The Waianae Coast received its name from the mullet that was once farmed here. Wai means water, and ʻanae means large mullet (perhaps from mullet in the muliwai, or brackish-water pools, that were once common in the backshore on many Waiʻanae beaches.) These fish were once produced in large amounts.

A legend describes the origins of niu (coconut) in the Hawaiian Islands, as well as the naming of Pōkaʻī Bay. Pōkaʻī was a voyaging chief of Kahiki (Tahiti) who is said to have brought coconut palms to Hawai‘i. A huge grove of coconuts once lined the shore of Pōka‘ī Bay.

The trees provided shelter and useful materials for the ancient Hawaiian village. This grove, known as “Ka Uluniu o Pokai,” was not just a legend as it was noted by western sailors in the 1700s.

Waiʻanae Ahupuaʻa within the Waiʻanae District was its Royal Center in the late-1600s to the 1700s. The ahupuaʻa had numerous important heiau and the largest population of the district at European contact.

Prior to contact with the Hawaiian Islands by Captain James Cook in 1778, the population of Waiʻanae was approximately 4,000 to 6,000 people.

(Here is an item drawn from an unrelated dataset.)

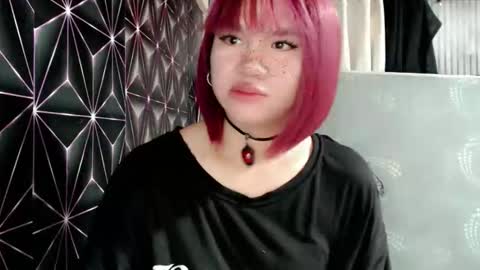 Snapshot of queen_elicktra chatting on 06/10/26, 12:33 JOY online show from 06/10/26, 12:33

In 1793, Vancouver described Waiʻanae as desolate and barren: “From the commencement of the high land to the westward of Opooroah [Puʻuloa] was … one barren rocky waste, nearly destitute of verdure, cultivation or inhabitants, with little variation all to the west point of the island. …”

“Nearly in the middle of this side of the Island is the only village we had seen westward of Opooroah. … The shore here forms a small sandy bay. On its southern side, between the two high rocky precipices, in a grove of cocoanut and other trees, is situated the village. …”

“The few inhabitants that visited us from the village, earnestly entreated out anchoring and told us, that if we would stay until morning, their chief would be on board with a number of hogs, and a great quantity of vegetables. … The face of the country did not, however, promise an abundant supply.” (Vancouver)

A Waiʻanae kahuna (priest) prophesied the coming of a “big fish” who “would eat all the little fish.” The following year (1795,) Kamehameha invaded and conquered Oʻahu. Following Kamehameha’s succession as ruling chief, “the despoiled people in large numbers fled to Waiʻanae and settled there. This part of Oahu being hot, arid, isolated, with little water, was not coveted by the invaders”. (City P&R)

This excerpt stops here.